* **Exercise brief**
All the lines below should be set down exactly, with no picture carried into the copy.

* **Data provided**
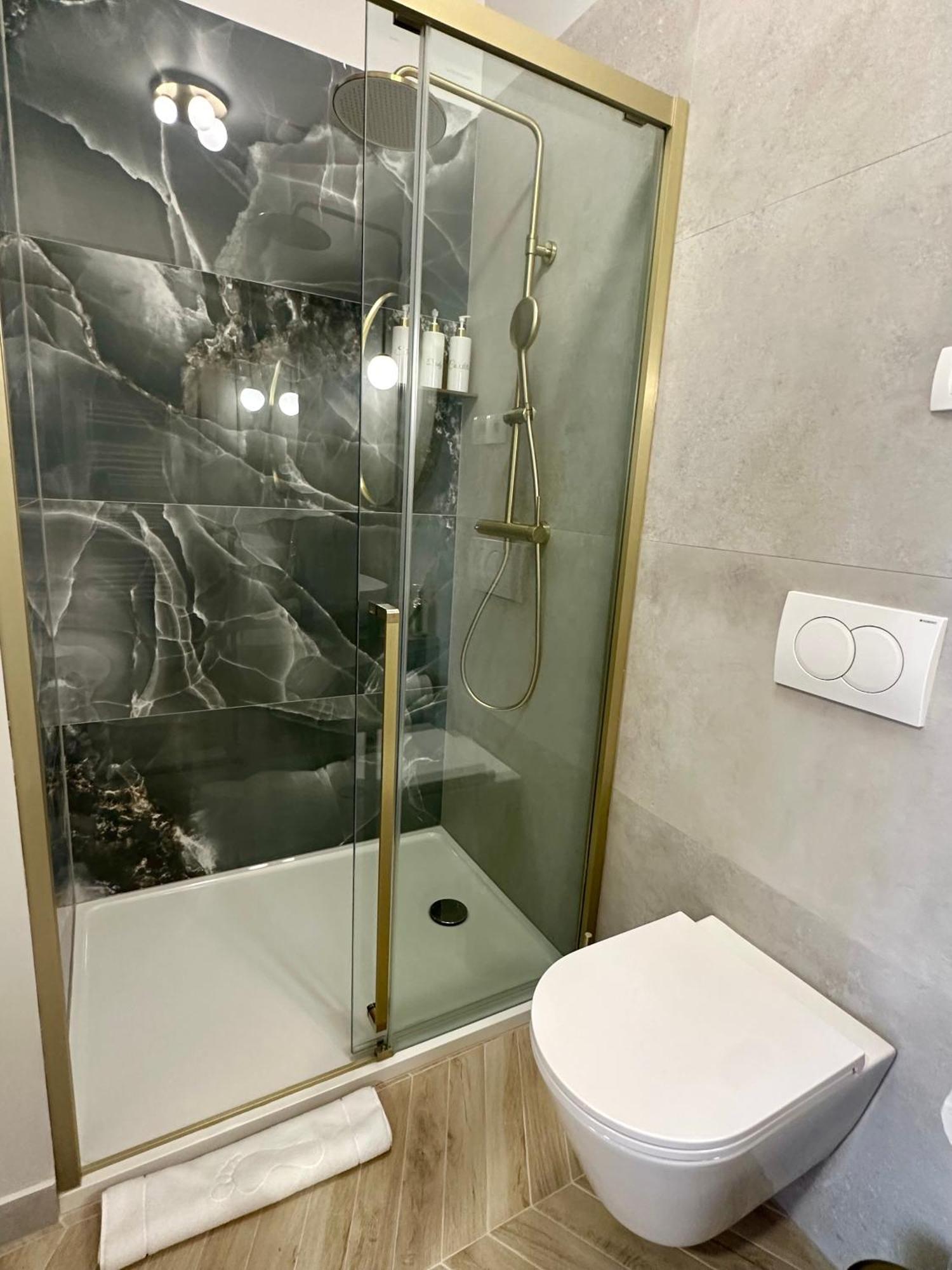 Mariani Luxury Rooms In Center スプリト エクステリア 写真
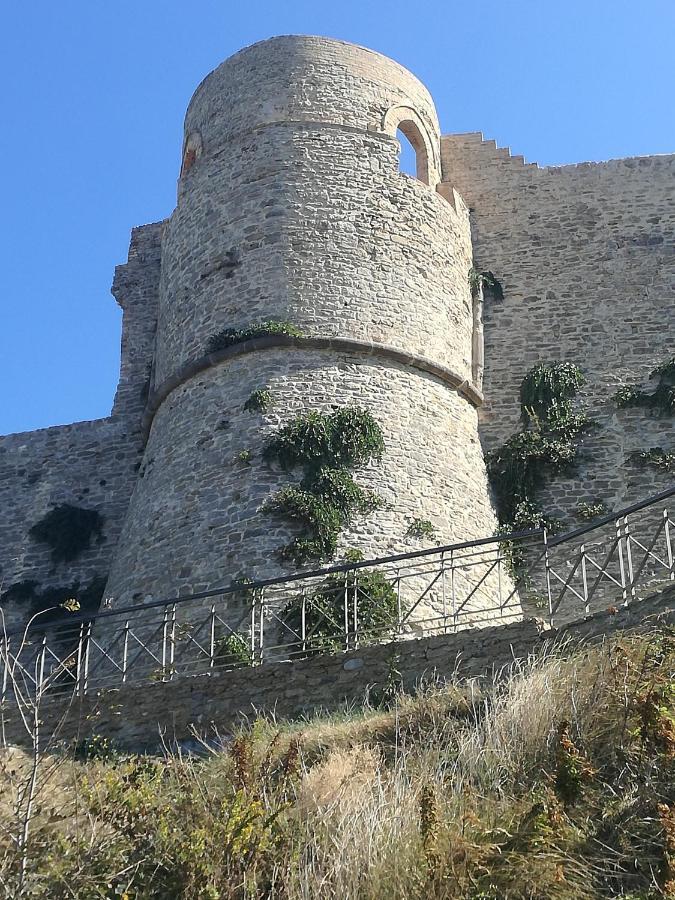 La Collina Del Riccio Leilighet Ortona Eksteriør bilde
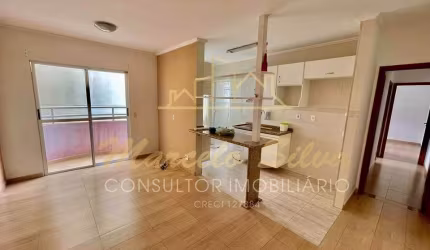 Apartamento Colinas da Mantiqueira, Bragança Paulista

* **Task answer**
 Mariani Luxury Rooms In Center スプリト エクステリア 写真
 La Collina Del Riccio Leilighet Ortona Eksteriør bilde
 Apartamento Colinas da Mantiqueira, Bragança Paulista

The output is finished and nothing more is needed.